Obama also visited the museum
The port city in the south of Ghana was once something of an idyll in a green setting. But then with the history of the slave trade, a deep shadow fell on this region. Today, even after four centuries, the well-preserved complex is a museum that you should definitely see on a trip to the west of the Black Continent. Just like the American President Barrack Obama, who visited the UNESCO World Heritage Site a few years ago. For him, too, it was a visit to a transshipment point for people on their way to the “New World”.
A church as a blatant contradiction
Previously unimaginable hygienic conditions prevailed in the underground dungeons. Up to a thousand men and five hundred women were housed in separate dungeons at Cape Coast Castle. Most lost their lives before being chained to the ships in America. They passed a “door of no return”. It was a journey of no return for everyone. Today visitors find it a stark contradiction that the castle of the slaves also had a church. The Society of the Propagation of Gospel was the first Anglican church on the Gold Coast. Between 1444 and 1869, when Portugal became the last European country to ban the slave trade, around eleven million people were abducted from Africa. Many from Cape Coast Castle in Ghana.

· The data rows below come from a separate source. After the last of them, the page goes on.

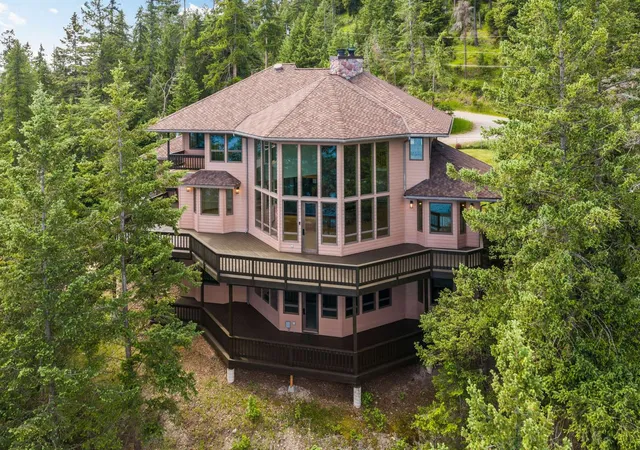 Photo 4 of Single family home for sale at 606 S Foys Lake Dr, Kalispell, MT 59901 | MLS# 30072672 | Listing updated on 2026-07-25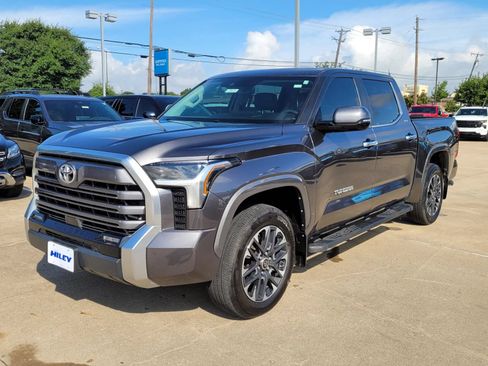 Used 2024 Toyota Tundra Limited w/ Power Package AWD/4WD image 2
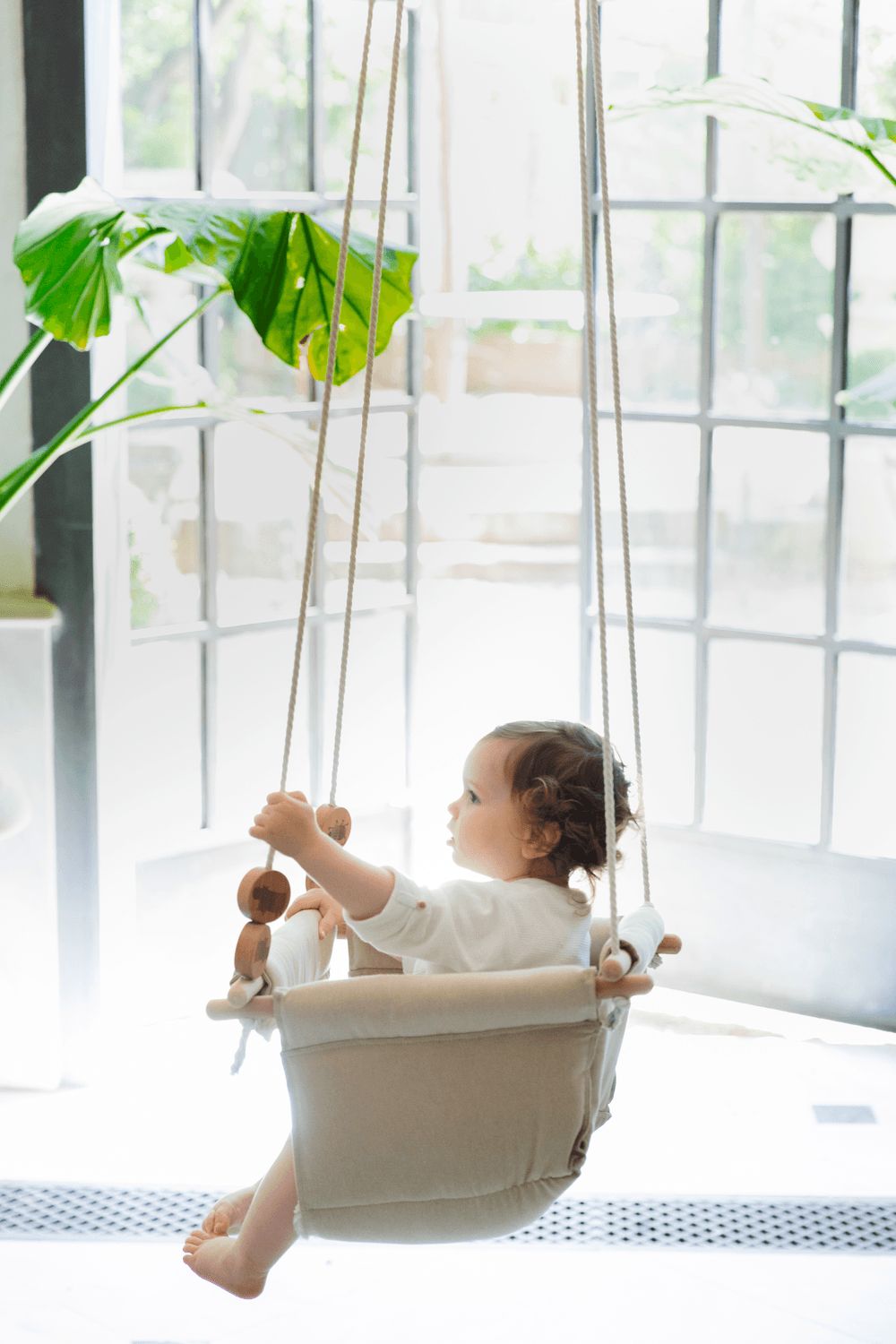 Larisa & Pumpkin - Baby Swing - Mint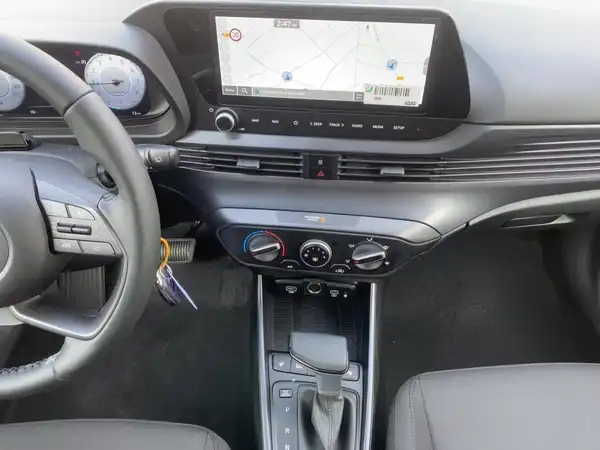 HYUNDAI I20 (10/15)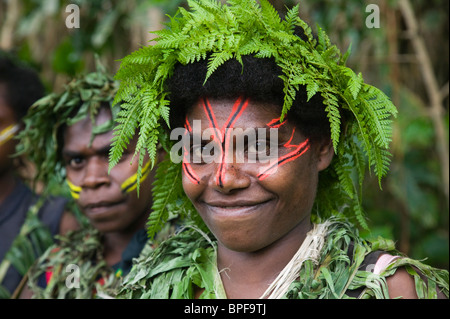 Vanuatu, dell'Isola di Tanna, Fetukai. La magia nera e la Kava Tour di prova, gli abitanti di un villaggio di nativi abito. Signor Foto Stock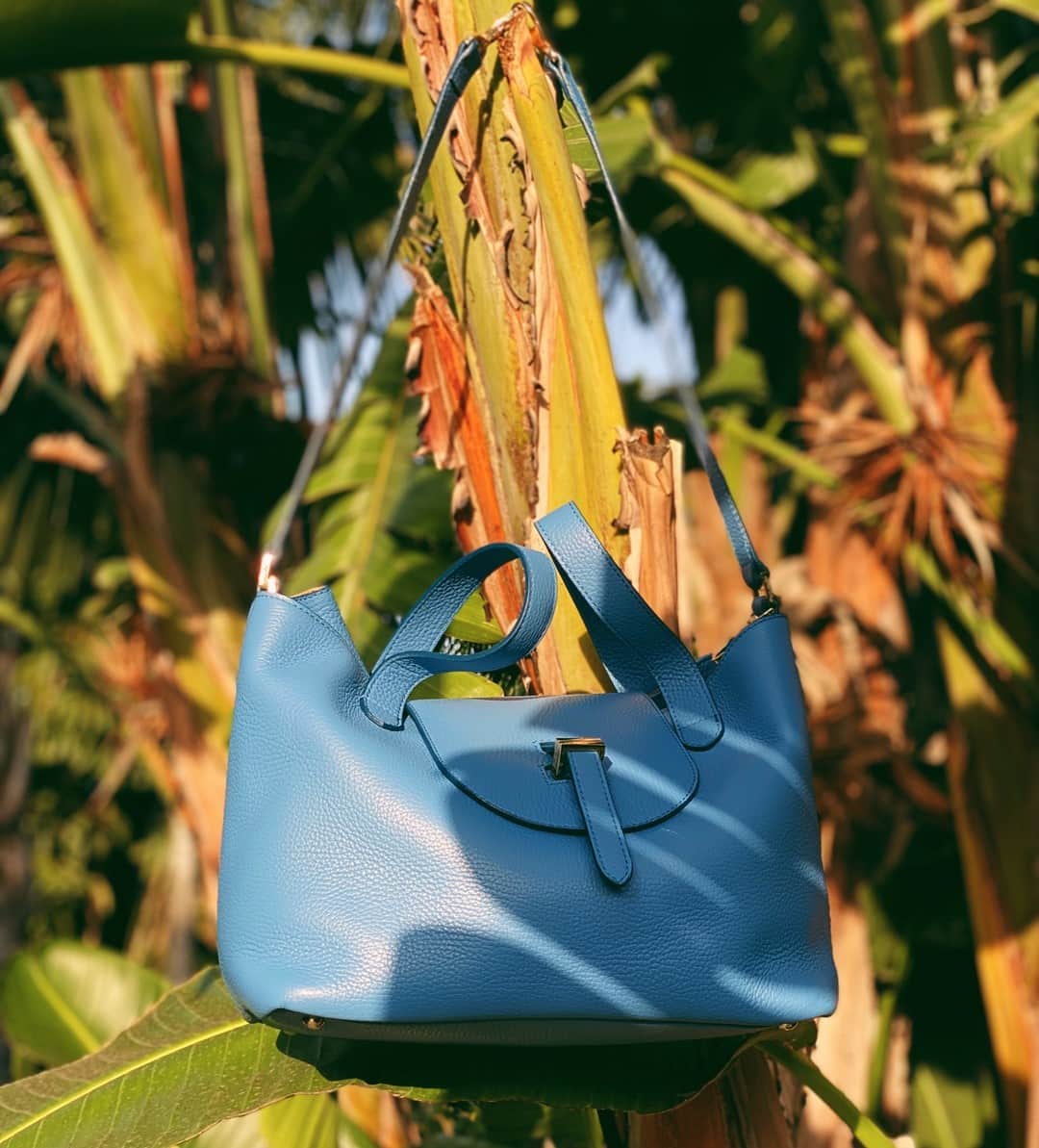 のインスタグラム：「🔹🔹🔹🔹💭💭🦋👜🦋👜 special new Blue colour : Blue stands for healing, trust and long life. ⠀⠀⠀⠀⠀⠀⠀⠀⠀ ⠀⠀⠀⠀⠀⠀⠀⠀⠀ #t #melimelo #melimelobags #style #bag #bags #s #classicbag #classic #wardrobestaple #madeinitaly #timeless #a #understated #itbag」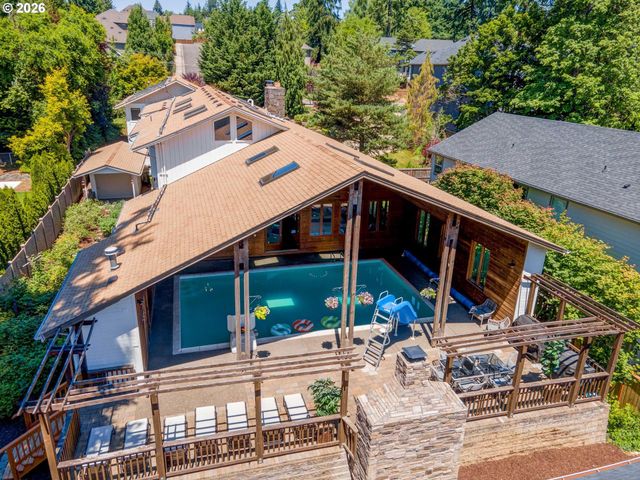11400 Nw DAMASCUS St, Portland, OR 97229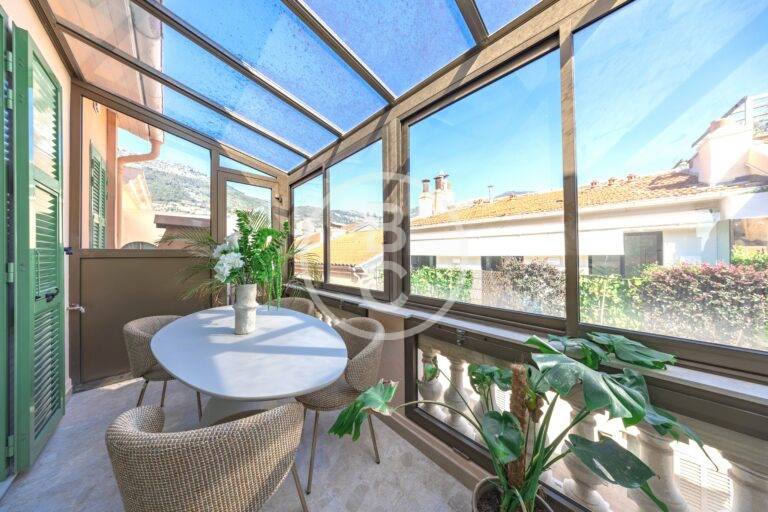 MAGNIFICENT 3 ROOM RENOVATED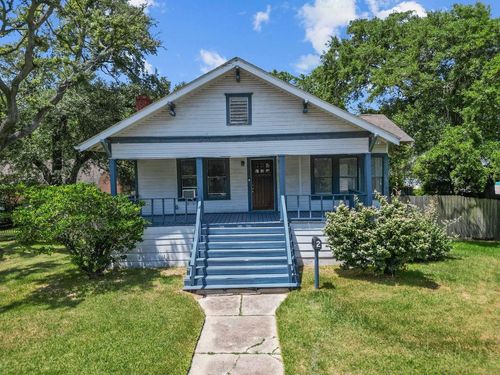 2 11th Ave N, Texas City, TX, 77590-6331 | Card Image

With around 2.5 million inhabitants, Kumasi is the second largest city in Ghana and at the same time the capital of the Ashanti region. The city, which is centrally located in the south of Ghana, has the largest market in Ghana. In the hustle and bustle of the market it is difficult for holidaymakers to find their way around and it is reminiscent of a labyrinth. Thousands of small stands – some of which can be set up side by side as you like, some of which are thematically organized – can be discovered here. Tourists can spend several days here and simply soak up the numerous impressions, smells as well as the mood and atmosphere. That is why a visit to Kumasi is often a part of the program for individual or group tours in Africa. A special highlight of the market in Kumasi is a train that runs on very narrow tracks right through the crowd.
The gigantic, lively market, which is about 11 soccer fields in size, is certainly one of the largest and narrowest markets in Africa. Visitors can plunge into the bustle here and explore the maze of small alleys. You can buy everything imaginable here: food, spices, clothes, toys, used shoes, colorful fabrics, traditional Ashanti clothing, jewelry, batik fabrics and much more. A big advantage here compared to pure tourist markets is that holidaymakers are not pressured to buy. The target group of most traders are the locals, as they shop here every day like in a normal supermarket.